L’occhio è quello del giornalista che s’immerge nella cronaca dei luoghi e del tempo passato e presente raccontando tradizioni, folklore, riti, curiosità e aneddoti.
La mente è quella dell’architetto che soffermandosi su chiese, palazzi, monumenti, piazze, strade e angoli nascosti costruisce prospettive per il lettore che si sente visivamente proiettato prima nella Firenze di Dante, Giotto e Brunelleschi, poi nel vicolo Baciadonne di città della Pieve, il più stretto d’Italia. Basta girare poche pagine per assistere alla Regata delle Antiche Repubbliche Marinare o per passeggiare nella Reggia di Caserta, ancora più al centro del mondo dopo che l’intraprendente direttore Mauro Felicori ne ha raddoppiato di recente gli incassi. Ne sorriderà Luigi Vanvitelli, l’architetto neoclassico della Reggia, che l’autore inserisce tra i personaggi più illustri della Campania.
Provenzano, però, è anche un artista, e questa è la sua terza anima. Ama dipingere specialmente nella sua casa di Castelsardo, uno tra i dieci borghi più belli d’Italia e le sue pennellate ricche di sensibilità e colore scorrono tra le pagine di questo libro. Ad esempio, mentre ci racconta della Sardegna, dei suoi odori e sapori, dei suoi pani tipici come il carasau, il pistoccu e lo zichi, si sofferma sul ricordo dell’artista sarda Maria Lai. Era lei a che amava parlare della Sardegna come di una Grande Madre dimostrando come l’arte sarda sia un’espressione visibile dell’antico culto verso la dea madre: la storia nuragica e prenuragica lo testimoniano appieno.
E’ un libro per chi viaggia in quelle città, piccole e grandi, che vengono raccontate con intima devozione e talvolta con un pizzico di compiaciuta sapienza didattica in grado di soddisfare i turisti più curiosi. È un libro, però, anche per chi quei luoghi non li ha mai visti, perché leggendo poco alla volta, pagina dopo pagina, si può sognare e quasi toccare con mano l’aria ferma tra piazze e campanili, scorci di sere preziose e luminose mattine.
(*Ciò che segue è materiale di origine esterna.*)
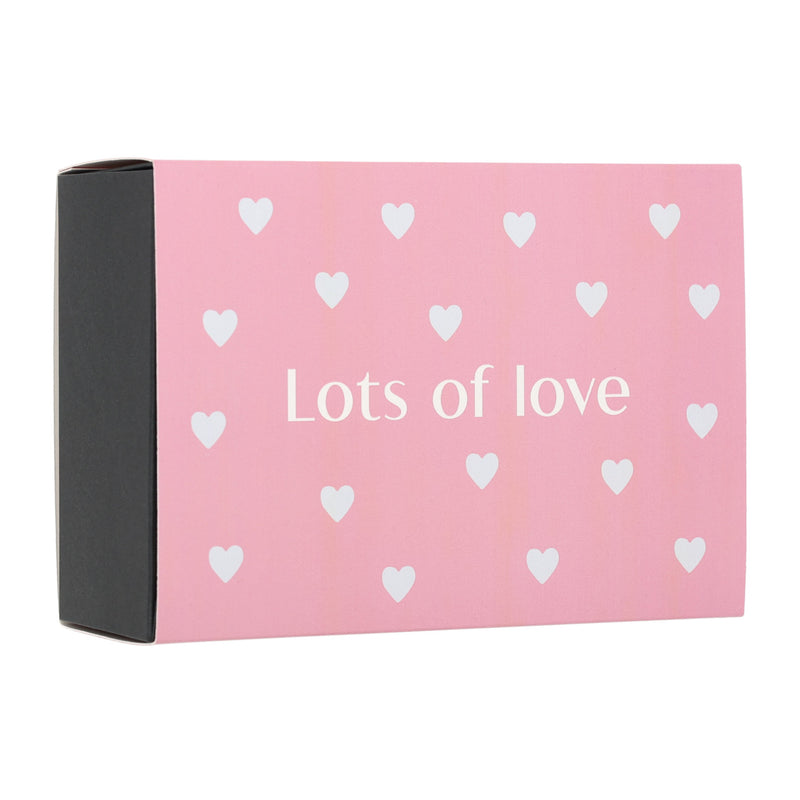 QHP Socks Gift Box Fluffy - Pack of 2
È un libro per capire meglio il Sud, perché Provenzano ha l’ambizione di raccontarlo ben oltre le solite noiose categorie concettuali che lo vedono arretrato e affannato in contrapposizione al laborioso Nord. Per farlo si appella al pamphlet di Nando Dicé, “Sud Ribelle”: “Il Sud non è solo un concetto geografico, il Sud non è solo il meridione d’Italia, il sud non sono i Borboni. Il Sud è un’Idea”.